# which muzzleloader?



## Surf n turf (Oct 27, 2008)

I havent shot a muzzleloader in probably 20 years and before that most of my smokepole shooting was limited to a flintlock. I am going to switch over this year and hunt the muzzy hunt as I am done with general season rifle. Before I really start looking at my options I would like to hear some of your opinions on the current offerings of muzzleloaders. I will say that I have been leaning towards CVA but am open to whatever.


----------



## utahgolf (Sep 8, 2007)

I have a cva optima. great price, super easy to clean, shoots straight, and shoulders well. I put a hawken hunter 1x scope on my optima. I've killed two deer and an elk with it in the two years I've had it. I was looking to upgrade to the cva apex but the optima shoots great and won't change for awhile. I know people like TC and they have a quick breech release like cva but something about the quick release breech on TC that I didn't like as much as the threaded breech on cva. I think CVA or TC you can't go wrong with but just personal preference and price.


----------



## Surf n turf (Oct 27, 2008)

I have been looking at the apex, but was wondering how much of a difference really existed between that and the optima.


----------



## waspocrew (Nov 26, 2011)

Get an Optima... I bought one last year and it shoots lights out for a muzzy! I'm still fairly new to muzzy hunting, but the Optima has been awesome. I took my first muzzy buck with it this past fall. As mentioned earlier, it's way easy to clean and very accurate. I don't think there's enough difference between the Apex to justify more money. Depending on where you live, Walmart has their muzzys on clearance. The stainless optima with open sights is something around $170 right now at the north walmart in Logan. They also have the stainless/camo thumbhole for $40 more - that one doesn't have open sights (as it's made for a scope).

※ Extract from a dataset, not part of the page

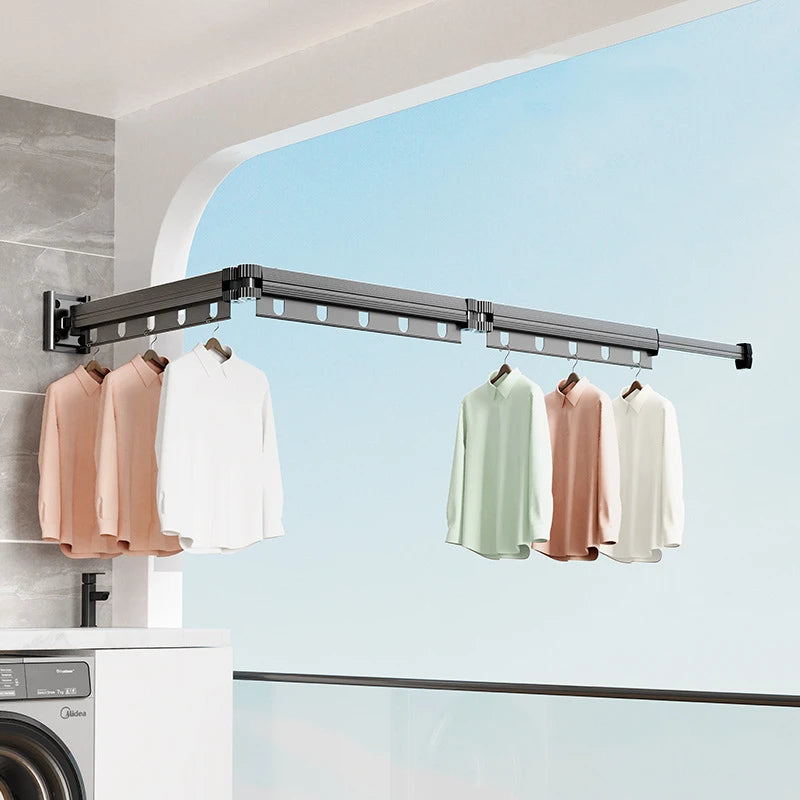 gunmetal wall-mounted folding drying rack installed on a balcony with shirts hanging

Here's the load I settled on... 300 Gr. Traditions Smackdown SST on top of 2 50gr. pellets of T7. 3 shots at 100 yards with a Traditions 1x32 scope... I pulled the one on the left just a tad.
[attachment=1:2j5pgd50]muzzload.jpg[/attachment:2j5pgd50]

When I finally found a buck within a comfortable range, this is how the 300 Gr. SST performed:
[attachment=0:2j5pgd50]muzzyhunt3.jpg[/attachment:2j5pgd50]


----------



## utahgolf (Sep 8, 2007)

the optima also likes 130 grains of triple 7 in pellets (2 '50s and 1 '30 grain pellet) and we shot a 290 grain barnes tez bullet. I know 3 people that shoot that load out of the optima and get 1 inch groupings at a 100 yards. Pretty easy loading bullet also. My buddies big bull elk went 5 yards, my two deer went a combined total of 20 yards and my cow elk went 5 yards. Great bullet and powder combo, knocks them dead.


----------



## xxxxxxBirdDogger (Mar 7, 2008)

If you want a really high quality build, get on knightrifles.com and order a Mountaineer or Long Range Hunter. The CVA or T/C rifles aren't even in the same ballpark.


----------



## BigT (Mar 11, 2011)

I got into muzzle loading about 7-8 years ago. 

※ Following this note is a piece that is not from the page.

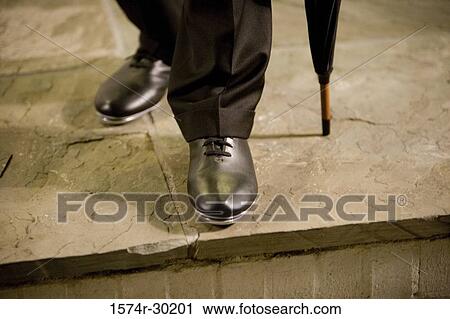 Close-up of man's shoes on the tile flooring View Large Photo Image Stock Image - Close-up of man's shoes on the tile flooring. Fotosearch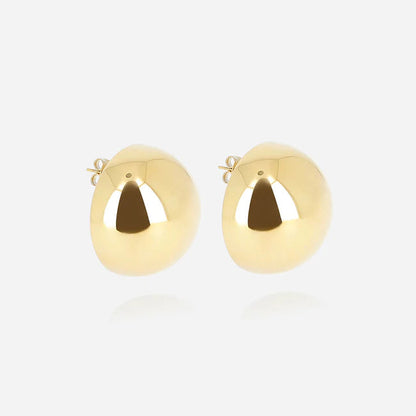 Boucles d’oreilles Kleeva ZAG en acier inoxydable doré avec forme ronde bombée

When I got into it, I wasn't aware of this site, if it existed or not. I did have a good friend, colleague that was very much into muzzle loading. He had owned a Knight for a while but switched to Thompson. 

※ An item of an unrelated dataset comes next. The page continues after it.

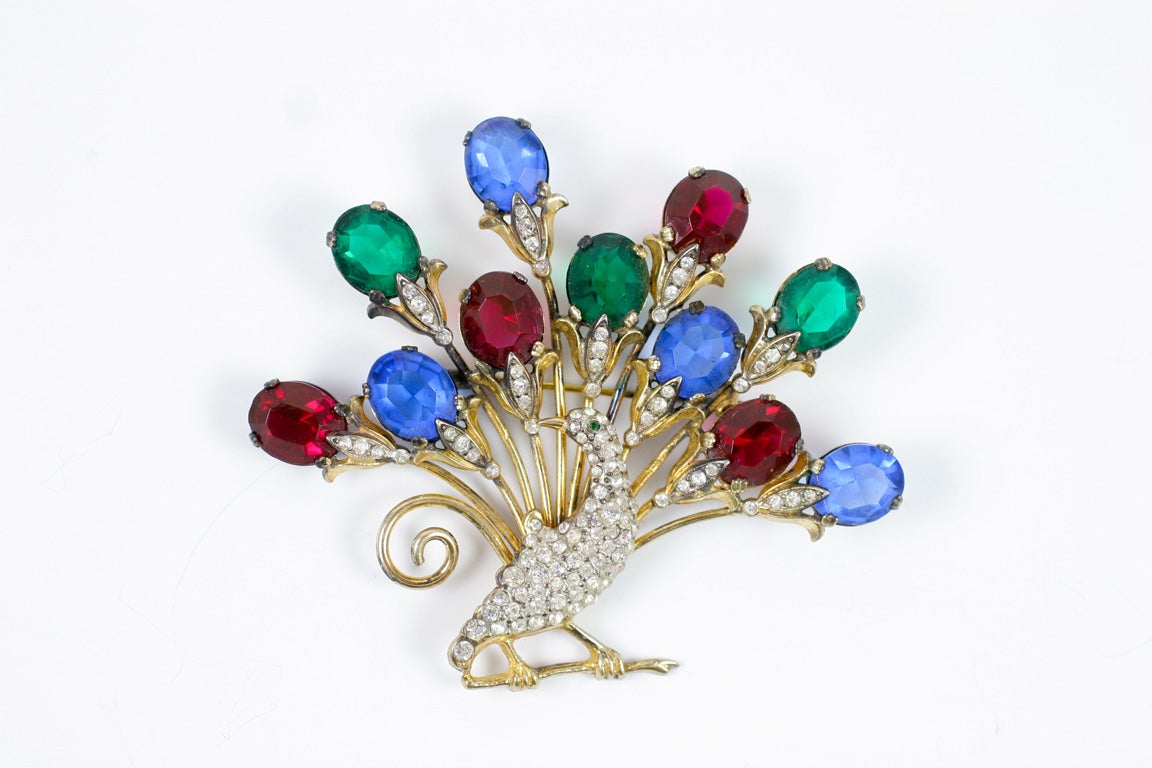 Sterling silver peacock brooch with gold wash.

His suggestions were to find something with a 28" barrell. I was able to find a Thompson with the 28" barrell. I have been extremely pleased with this muzzie. I have been on 6 muzzie hunts and have harvested 5 bucks. I have used 130 grains of powder (I've just always used Pyrodex 2-50s, 1-30).

The accuracy of this muzzie has been awesome! My first buck with it was a 100 yard shot right through his heart. Second kill, a one shot kill at 209 yards (ranged) right through his heart. I have been more than impressed with this gun.

That said, being that it is 7-8 years old, much has changed since I have purchased this Thompson. Like everything else, everything changes every year. But my Thompson with just a simple Cabelas Pine Ridge 1X20 has been durable, accurate, and plain fun to hunt with. 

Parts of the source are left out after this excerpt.